Gas may become more important than oil in the next 50 years because crude supplies are running out faster, according to the International Energy Agency. Global oil and natural gas reserves were about the same at the end of 2005, equal to 1.2 trillion barrels of crude, according to data compiled by BP.
Oil reserves are being burned almost twice as quickly as gas.
LNG sales rose about 11 per cent last year to 157 million tonnes, according to Wood Mackenzie Consultants in Edinburgh.
It could jump about 66 per cent to 261 million tonnes in 2010 and another 87 per cent to 488 million tonnes by 2020, the group said.
Record LNG prices would not fall for "years to come", said Ari Soemarno, president of Indonesia's state energy company, Pertamina, until 2005 the world's largest LNG exporter.

Prices under multi-year contracts, excluding freight and insurance, range as high as about $US10 per million British thermal units in Asia, assuming $US60 a barrel for oil, part of LNG price formulas.
Natural gas deposited near industrialised nations is typically transported through pipelines. The challenge is getting gas from the biggest producers - Russia, Qatar and Iran - to consumers worldwide who are not linked by those networks.
Gas that cannot be transported is pumped back underground to force more crude to the surface, or burned off.
Some $US37 billion goes up in smoke each year as waste.
Transporting gas by ship requires it to be chilled to liquid at minus 162 Celsius.
The cost of building liquefaction plants has risen to as much as $US600 million ($770 million) for each million tonnes of annual production from about $US200 million in 2000, according to San Francisco-based Bechtel.
Former Federal Reserve Chairman Alan Greenspan in June testified in Congress that LNG is "very important for the US, for our national security" and has argued for increased investment. "We have not picked up as quickly as we need" to increase imports, he told the Senate Foreign Relations Committee in Washington about energy security and economic risk. He declined to comment for this story.
Two of the newest and biggest LNG projects have been over-budget and late.
Shell's Sakhalin-2 LNG in Russia has doubled in cost to more than $US20 billion. Norwegian group Statoil's Snohvit LNG plant will cost $US9.5 billion, almost 50 per cent more than first anticipated in 2002.
Building LNG plants now takes four years, rather than three, because contractors are stretched, said Mr Flower, the consultant.
"Construction and permitting of LNG plants is a lengthy process," BP spokesman David Nicholas said from London.
Chevron, America's second-biggest oil company, last year abandoned its timetable for approving the Gorgon LNG project in Australia. Developing the fields, which hold $US400 billion of natural gas, would cost $US10 billion and increase world supplies by 7 per cent. The driller and partners Shell and Exxon Mobil are studying ways to reduce construction costs.

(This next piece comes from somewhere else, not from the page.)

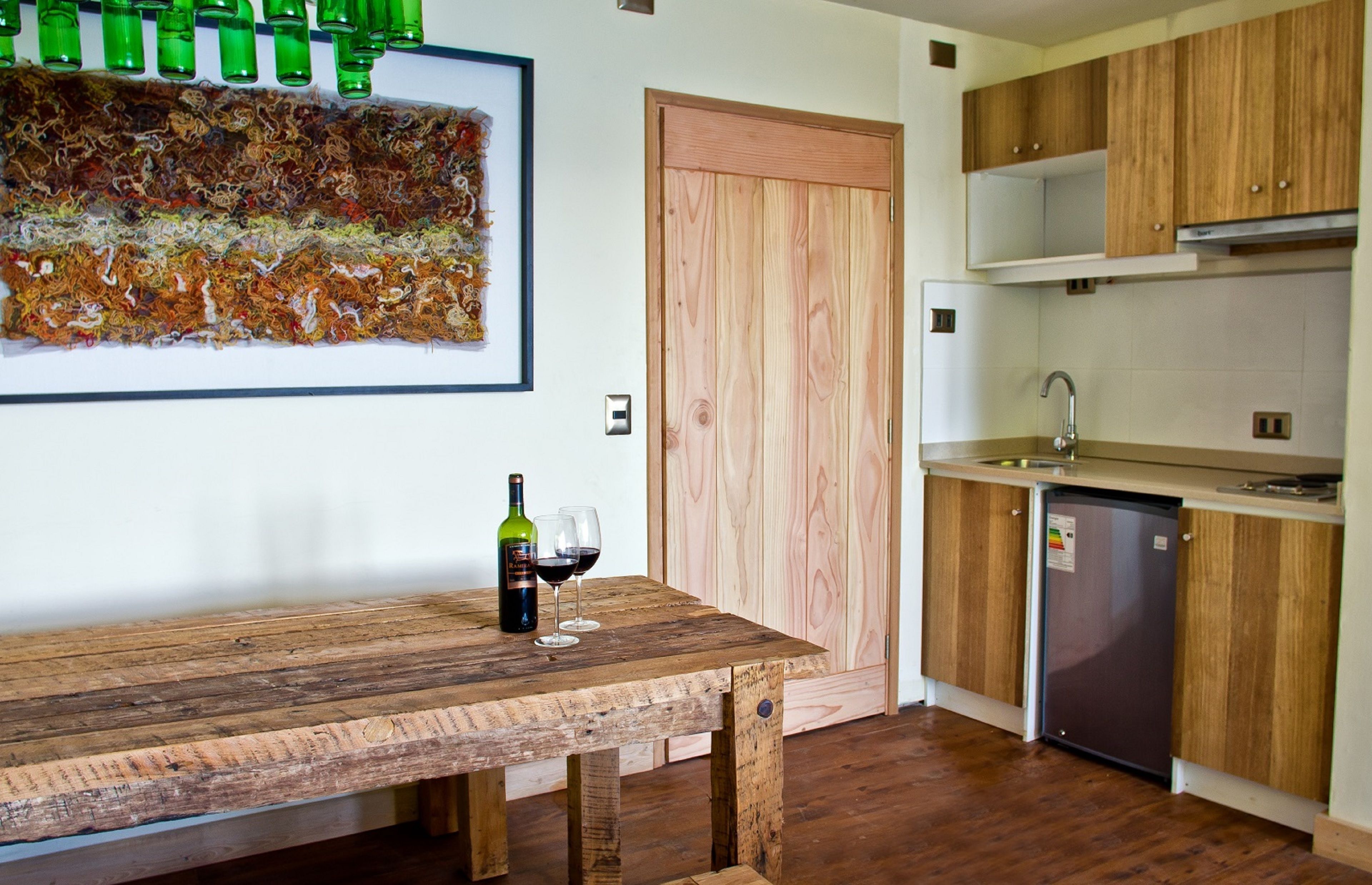 A kitchen with wooden cabinets, a wooden table with a bottle and glass, and a wall art piece.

The project is "large, complex and faces considerable cost challenges", Colin Beckett, Gorgon area manager for Chevron said in an interview last month.
Politics and violence also hold back LNG developments. In the seas between Australia and East Timor, development of the $4.7 billion Sunrise LNG project has been stalled for more than two years as the nations resolve how to split royalties.

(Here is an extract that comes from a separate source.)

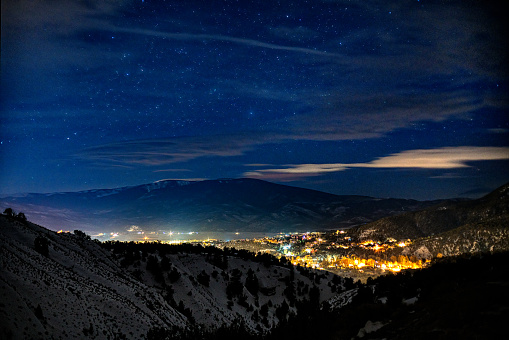 Gypsum Colorado Night Time Exposure in Winter - Night photography of town lit up in valley surrounded by mountains with views of the stars and sky. Gypsum, Colorado, Vail Valley, Colorado USA.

Shell, the world's largest non-government producer of LNG, is struggling with projects in Nigeria because of rebel attacks and in Iran, where threats of sanctions over the nation's nuclear research program restrain investment. Iran has the world's second-largest gas reserves.
"Shell has a lot of LNG projects in the pipeline," spokesman Wim van de Wiel said by phone from The Hague. He declined to specify why they were being held up.
American politics also get in the way. BHP Billiton missed a target to win government approval in California for an $US800 million import terminal near Malibu last year.
Celebrities including actors Pierce Brosnan, Halle Berry, and Tom Hanks, rock musician Sting and supermodel Cindy Crawford campaigned against the plant over safety concerns.
The "not in my backyard" syndrome was among the obstacles in the US, Dr Greenspan said in June. "It's going to take a while" to increase supplies, he said.